━━ Data shown

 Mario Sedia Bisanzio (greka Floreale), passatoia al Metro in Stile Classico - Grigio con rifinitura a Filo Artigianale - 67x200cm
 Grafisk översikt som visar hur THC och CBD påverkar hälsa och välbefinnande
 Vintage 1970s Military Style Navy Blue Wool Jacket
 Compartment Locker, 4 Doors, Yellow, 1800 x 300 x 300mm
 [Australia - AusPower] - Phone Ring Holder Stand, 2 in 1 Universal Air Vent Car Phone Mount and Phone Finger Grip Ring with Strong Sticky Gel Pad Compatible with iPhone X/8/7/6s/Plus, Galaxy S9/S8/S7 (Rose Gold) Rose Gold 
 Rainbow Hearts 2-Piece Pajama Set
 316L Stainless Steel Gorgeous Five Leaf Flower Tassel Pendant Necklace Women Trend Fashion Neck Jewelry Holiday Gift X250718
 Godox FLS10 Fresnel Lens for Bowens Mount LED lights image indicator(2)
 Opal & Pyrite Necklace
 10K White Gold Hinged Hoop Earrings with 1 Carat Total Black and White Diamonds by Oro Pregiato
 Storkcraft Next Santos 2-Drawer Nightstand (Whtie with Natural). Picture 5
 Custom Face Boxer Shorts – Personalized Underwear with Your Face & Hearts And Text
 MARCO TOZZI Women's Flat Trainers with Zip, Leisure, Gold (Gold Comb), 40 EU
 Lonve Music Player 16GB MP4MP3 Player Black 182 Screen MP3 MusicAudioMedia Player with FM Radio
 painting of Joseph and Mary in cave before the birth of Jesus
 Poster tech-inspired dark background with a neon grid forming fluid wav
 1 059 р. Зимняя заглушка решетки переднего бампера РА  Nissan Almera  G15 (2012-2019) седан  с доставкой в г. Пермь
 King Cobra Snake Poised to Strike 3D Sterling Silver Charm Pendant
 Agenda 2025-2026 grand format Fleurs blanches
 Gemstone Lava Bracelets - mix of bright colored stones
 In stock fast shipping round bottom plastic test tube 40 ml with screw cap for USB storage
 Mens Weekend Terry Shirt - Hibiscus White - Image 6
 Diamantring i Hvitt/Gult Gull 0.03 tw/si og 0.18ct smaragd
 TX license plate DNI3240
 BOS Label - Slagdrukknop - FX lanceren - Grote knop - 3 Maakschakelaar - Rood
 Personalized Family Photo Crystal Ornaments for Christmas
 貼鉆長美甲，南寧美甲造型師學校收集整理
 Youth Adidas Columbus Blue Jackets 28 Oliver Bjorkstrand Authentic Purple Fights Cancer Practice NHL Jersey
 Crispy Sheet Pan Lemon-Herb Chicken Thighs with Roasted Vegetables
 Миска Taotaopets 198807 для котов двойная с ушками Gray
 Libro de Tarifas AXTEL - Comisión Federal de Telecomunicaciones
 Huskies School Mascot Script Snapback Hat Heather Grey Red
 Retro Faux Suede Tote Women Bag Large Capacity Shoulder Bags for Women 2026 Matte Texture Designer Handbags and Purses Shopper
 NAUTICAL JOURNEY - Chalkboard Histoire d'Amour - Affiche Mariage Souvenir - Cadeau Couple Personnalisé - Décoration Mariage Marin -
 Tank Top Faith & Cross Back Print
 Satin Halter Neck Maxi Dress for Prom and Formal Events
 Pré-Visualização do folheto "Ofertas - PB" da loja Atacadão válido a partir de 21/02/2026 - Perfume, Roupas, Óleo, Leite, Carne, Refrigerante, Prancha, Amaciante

━━━━

• **Directions for this task**: Look above for the line holding "Миска Taotaopets 198807". Print it and every line after it, exactly, through the line holding "Satin Halter Neck".

• **Written reply**:
 Миска Taotaopets 198807 для котов двойная с ушками Gray
 Libro de Tarifas AXTEL - Comisión Federal de Telecomunicaciones
 Huskies School Mascot Script Snapback Hat Heather Grey Red
 Retro Faux Suede Tote Women Bag Large Capacity Shoulder Bags for Women 2026 Matte Texture Designer Handbags and Purses Shopper
 NAUTICAL JOURNEY - Chalkboard Histoire d'Amour - Affiche Mariage Souvenir - Cadeau Couple Personnalisé - Décoration Mariage Marin -
 Tank Top Faith & Cross Back Print
 Satin Halter Neck Maxi Dress for Prom and Formal Events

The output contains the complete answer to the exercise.